Scan the entries below for the word "match" and copy every line in which it occurs.

*** Data supplied ***

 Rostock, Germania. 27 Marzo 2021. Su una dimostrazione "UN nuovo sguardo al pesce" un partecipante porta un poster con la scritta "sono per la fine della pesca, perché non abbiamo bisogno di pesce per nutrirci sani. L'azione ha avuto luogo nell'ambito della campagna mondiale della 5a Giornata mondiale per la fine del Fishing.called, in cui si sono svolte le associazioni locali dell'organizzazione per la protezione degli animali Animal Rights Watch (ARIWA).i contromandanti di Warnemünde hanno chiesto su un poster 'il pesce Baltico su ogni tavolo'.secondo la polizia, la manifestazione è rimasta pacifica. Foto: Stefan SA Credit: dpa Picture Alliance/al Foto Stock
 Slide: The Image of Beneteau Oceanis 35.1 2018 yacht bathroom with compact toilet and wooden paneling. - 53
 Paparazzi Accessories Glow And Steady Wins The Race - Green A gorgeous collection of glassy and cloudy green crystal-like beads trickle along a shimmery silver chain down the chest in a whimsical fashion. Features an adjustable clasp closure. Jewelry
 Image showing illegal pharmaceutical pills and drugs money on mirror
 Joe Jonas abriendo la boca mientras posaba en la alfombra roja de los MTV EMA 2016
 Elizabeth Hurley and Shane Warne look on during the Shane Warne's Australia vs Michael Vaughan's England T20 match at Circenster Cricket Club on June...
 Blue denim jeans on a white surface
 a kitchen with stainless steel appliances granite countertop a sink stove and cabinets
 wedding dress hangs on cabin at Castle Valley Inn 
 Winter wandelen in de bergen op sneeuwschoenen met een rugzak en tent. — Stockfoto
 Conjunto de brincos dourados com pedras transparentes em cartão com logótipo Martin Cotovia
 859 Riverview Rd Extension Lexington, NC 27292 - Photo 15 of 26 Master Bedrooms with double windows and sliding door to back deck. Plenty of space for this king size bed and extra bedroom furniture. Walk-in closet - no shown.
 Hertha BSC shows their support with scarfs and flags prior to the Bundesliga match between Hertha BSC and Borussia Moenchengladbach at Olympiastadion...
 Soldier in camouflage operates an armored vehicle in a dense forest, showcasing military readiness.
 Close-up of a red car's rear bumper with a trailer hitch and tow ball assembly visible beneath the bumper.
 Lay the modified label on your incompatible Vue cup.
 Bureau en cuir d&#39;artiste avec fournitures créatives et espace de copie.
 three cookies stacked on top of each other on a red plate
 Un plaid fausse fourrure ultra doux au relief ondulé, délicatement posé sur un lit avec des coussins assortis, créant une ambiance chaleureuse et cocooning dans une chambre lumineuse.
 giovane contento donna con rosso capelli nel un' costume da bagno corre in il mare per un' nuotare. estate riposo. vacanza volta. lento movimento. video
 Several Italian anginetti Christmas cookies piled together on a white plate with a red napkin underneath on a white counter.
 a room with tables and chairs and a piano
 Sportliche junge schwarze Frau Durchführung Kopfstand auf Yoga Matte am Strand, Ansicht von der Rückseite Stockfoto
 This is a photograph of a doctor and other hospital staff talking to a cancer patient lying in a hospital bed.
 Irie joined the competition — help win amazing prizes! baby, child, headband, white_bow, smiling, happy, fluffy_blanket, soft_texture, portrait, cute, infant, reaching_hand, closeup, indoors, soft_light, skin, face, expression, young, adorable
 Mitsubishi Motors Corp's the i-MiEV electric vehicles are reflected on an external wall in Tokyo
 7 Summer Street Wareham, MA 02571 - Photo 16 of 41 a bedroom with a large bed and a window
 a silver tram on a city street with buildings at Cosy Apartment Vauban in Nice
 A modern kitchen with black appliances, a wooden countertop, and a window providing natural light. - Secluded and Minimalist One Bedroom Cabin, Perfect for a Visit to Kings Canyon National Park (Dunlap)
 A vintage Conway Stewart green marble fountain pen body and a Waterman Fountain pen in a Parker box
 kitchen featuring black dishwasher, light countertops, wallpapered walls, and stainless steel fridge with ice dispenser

***

* Task result *
 Elizabeth Hurley and Shane Warne look on during the Shane Warne's Australia vs Michael Vaughan's England T20 match at Circenster Cricket Club on June...
 Hertha BSC shows their support with scarfs and flags prior to the Bundesliga match between Hertha BSC and Borussia Moenchengladbach at Olympiastadion...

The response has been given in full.